For analyzing, understanding and operating any business, there are three critical “grains” of interest - time, entities, and the all important grain of the underlying business process itself.
Let’s dive into these concepts:
I. Time grains are widely understood. The utility for varying time granularity is driven by:
a) The business operating cadence: as an example, weekly or monthly time grains are used during periodic business reviews
b) Business initiatives or constraints: it is common to compare time windows based on campaigns or feature releases, or to drill into specific time ranges that operated under different business constraints or conditions.
c) The nature of the process: as an example, you may need to control for expected variations for highly seasonal processes like say fashion e-commerce.
II. Entity grains are better understood as “segmentation” - that is, via the grouping of a set of entities. There are at least two variants to consider here:
a) Static segmentation:
Entity demographic or profile information, or attributes that can be permanently tagged like marketing channels are examples of “static” segmentation.
b) Behavioral and dynamic segmentation:
Grouping entities based on their behaviors can be really powerful. As an example, you can cluster high and low LTV users to find patterns and actionable insights.
III. Process grains:
Businesses are complex inter-connected systems but a specific analysis often zooms into a “node” in the overall networked process, which is often the atomic process grain. There are at least two concepts at play when examining process grains:
a) Direct relationships: processes like an acquisition flow where entities move through a series of steps are examples of clear direct relationships across atomic process grains.

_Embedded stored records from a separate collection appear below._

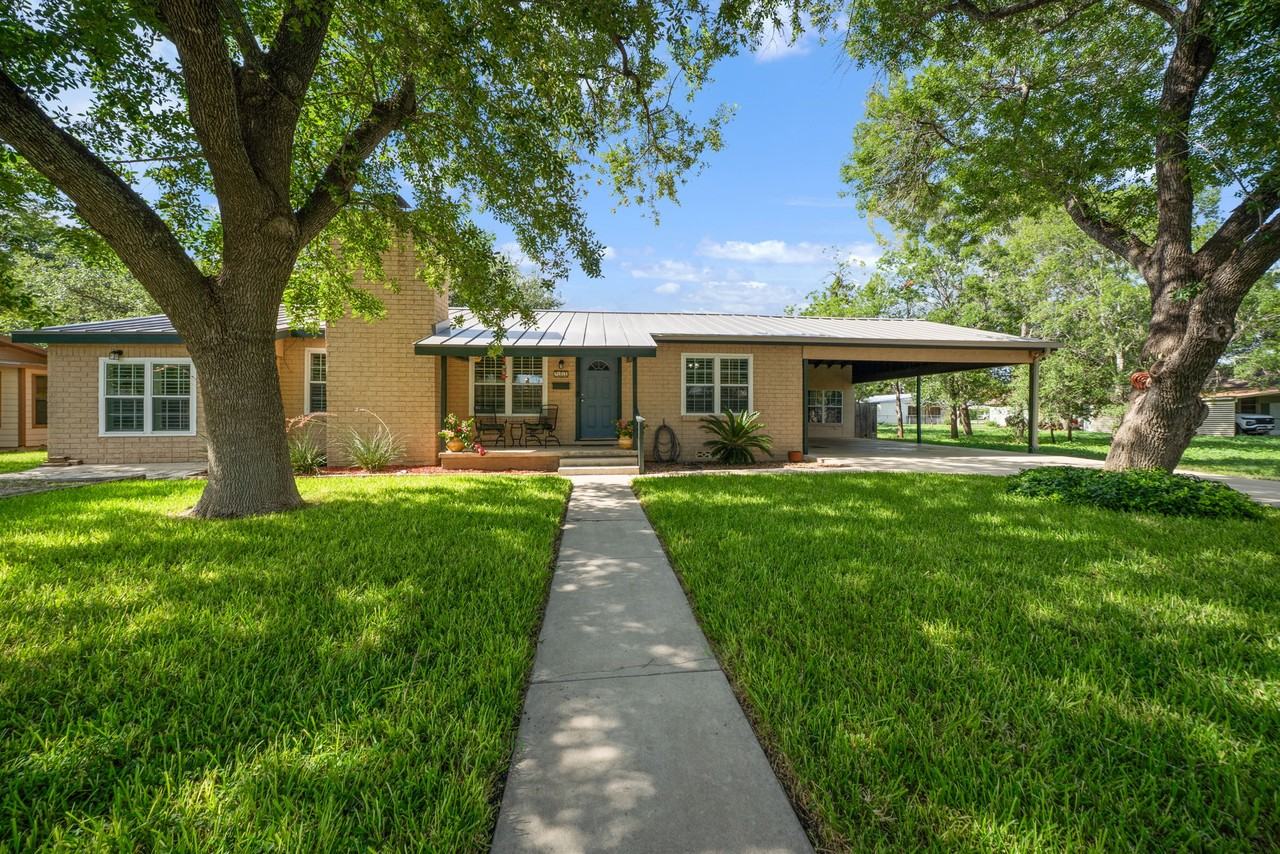 908 29th St #NA - Photo 3 of 23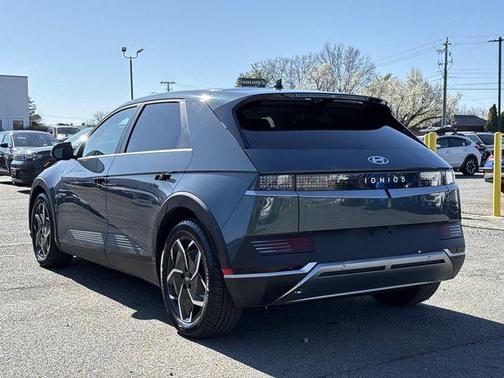 2024 Hyundai IONIQ 5 SEL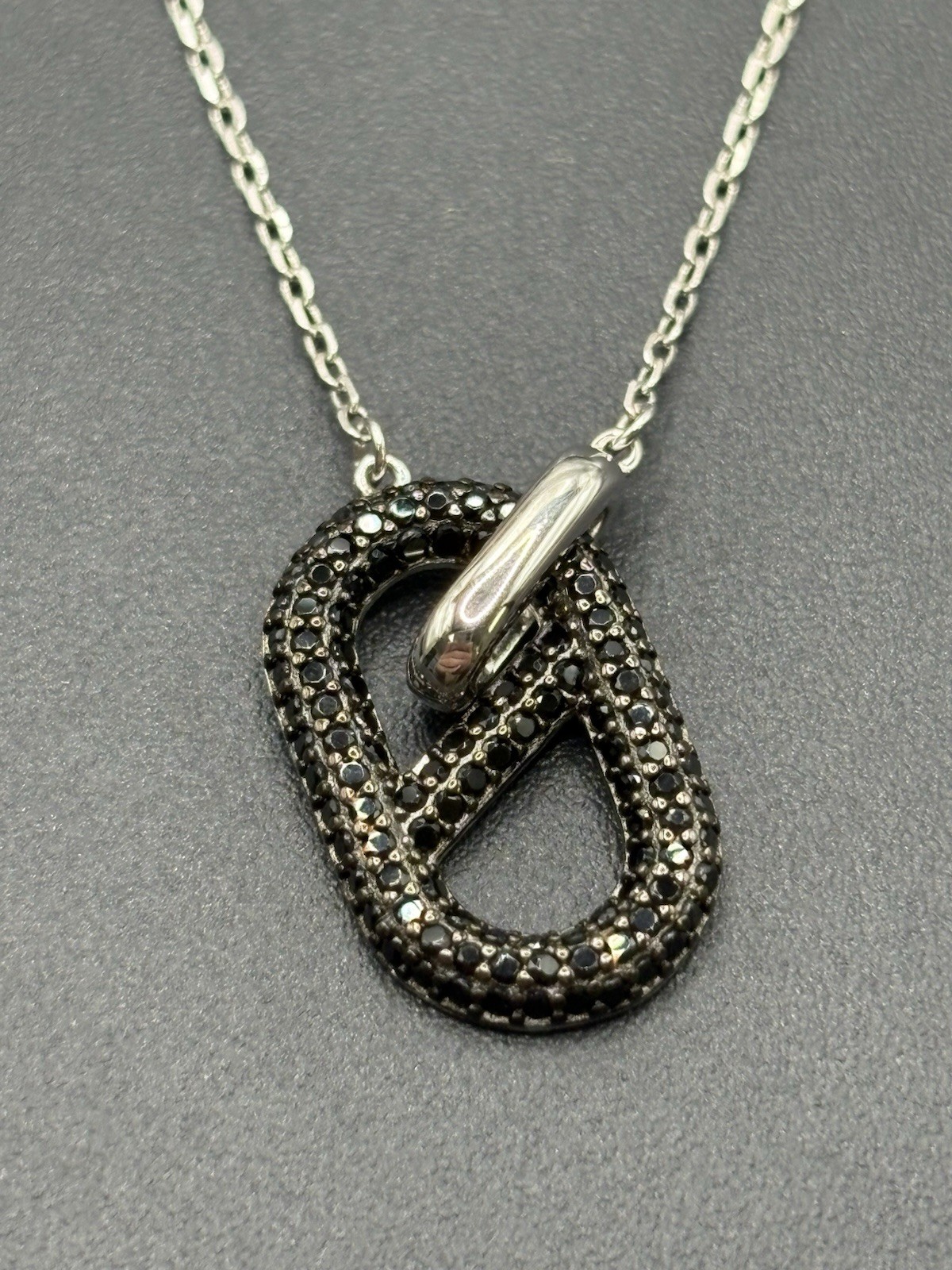 New Condition 18″ Sterling Silver Black Cubic Zirconia Paper Clip Necklace 925
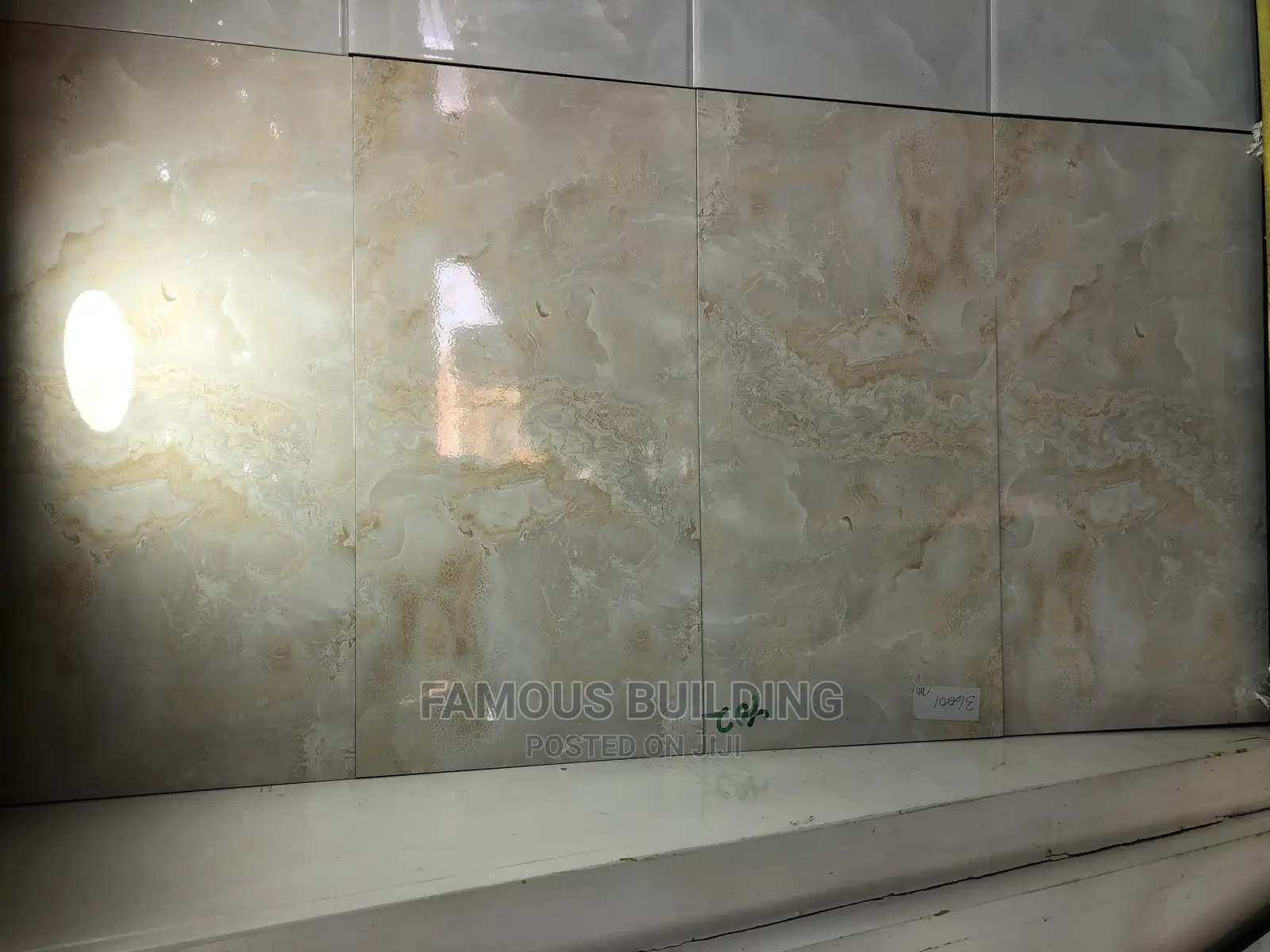 30/60 Wall Tiles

b) Indirect relationships: processes like responsive customer support that indirectly relate to the retention metrics are examples where the exact relationship between atomic process grains is unknown.
Over the last 10 years, with the ease of cloud storage and compute, and the relative democratization of data querying skills, the ability to analyze across varying time grains or even entity grains via segmentation has become significantly easier.
The next frontier is making it effortless to traverse the process grains, to zoom in and out of the networked, inter-connected business processes.